Three years later, Samie Kim became Samie Falvey with a wedding in Philadelphia. In the eight years since, they’ve managed to balance two high-pressure careers and the demands of family life. “The fact that we both work in the television business and have a deep understanding of what the other person is going through works well,” Falvey says.

“We’ve learned to divide and conquer,” she explains. “One of us takes our five-year-old to school every day, and one of us is home for dinner every night. We have a nanny during the week, but on weekends we’re home together and there’s no help — it’s us and the family.”

“It’s chaos, like every household,” Samie says. “Screaming up the stairs, throwing clothes down the stairs, trying to get everybody to eat breakfast.”

Admittedly, working in the same business can get tricky at times.

“I just went through a pilot season where I had a comedy [at ABC] I was passionate about that didn’t get picked up that I thought should have,” says Falvey — though the DreamWorks drama Lucky 7 did land on ABC’s fall lineup. 

For her part, Samie is careful to avoid any hint of personal bias or conflict of interest. “Sometimes I scrutinize his stuff more closely than somebody who is not my husband,” she admits.

Which doesn’t make it easy for anyone. “There are moments during pilot season when it’s better if we actually don’t talk [about work],” he says.

But generally, they value the plus sides of their two TV-career marriage.

“The volume of material that comes across her desk is amazing,” Falvey says. “I have the opportunity to come home and say, ‘What do you think about this area? Is this something interesting? Or is it an idea that has been beaten to death?’”

“It’s insightful information for me as a producer,” he continues, “to then challenge my writer or team and say, ‘We need to get this show and this pitch into a place where it’s speaking to our audience at this specific network.’”

Samie has learned from his example, as well.

“We always joke that we work in the failure business,” she says. “So much of what you pour your blood, sweat and tears into doesn’t actually go — or goes and then gets canceled.”

Still, her husband is genuinely an optimistic person, Samie shares. “Being told ‘no’ constantly is really difficult. But he doesn’t lose faith in his vision and in good ideas and good talent. I think that’s what being a great producer is.”

Not only is Falvey still enthused about his job after eighteen years at DreamWorks, he is encouraged by recent changes in the industry. “If you look at where the television business is today qualitatively, it’s incredible,” he raves.

“It’s some of the best work being done in entertainment — the quality of the writing, the directing and the acting,” Falvey says. “The change in landscape is happening so rapidly, it’s forcing people out of their comfort zone.

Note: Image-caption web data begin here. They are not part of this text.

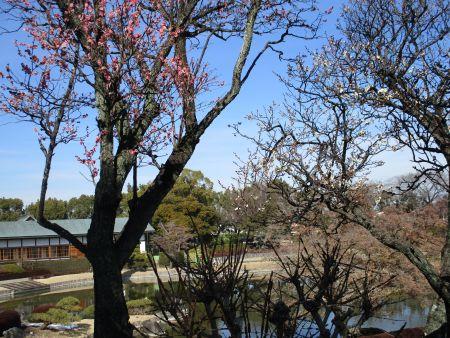 49(3)2IMG_3043 花田苑紅梅２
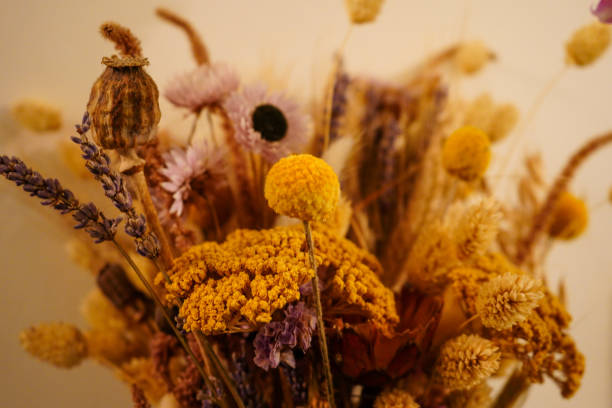 istock Close up of dried flowers 1496993174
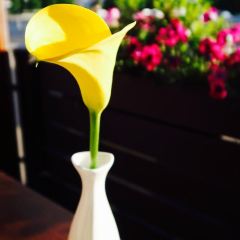 SAVVA User Photo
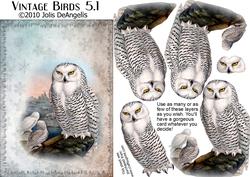 Vintage Birds 5.1, Snowy Owl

Our deals with Under the Dome, Amazon Prime, Netflix — that is exciting.”

“And we’re experiencing all of that together,” says Samie, who in July was promoted from senior vice president to her current position as executive vice president and given added responsibility for international scripted development.

The next couple of years are going to be truly interesting, she says. “The models are going to change. Look at the things that have happened in the past year alone — from Amazon putting all their pilots online to Netflix putting out their series all at once. It’s the Wild West now.”

The discussion ends as five-year-old Jace runs in, kisses Mommy and Daddy, then disappears to snack on pizza.

“Life gets in the way of conversation sometimes,” Samie says, “which is healthy.”

And as they contemplate the future, the couple confesses to a few personal wishes for their young children. “We hope they have my hair and his disposition,” Samie says. And Falvey — true to form — nods, laughing.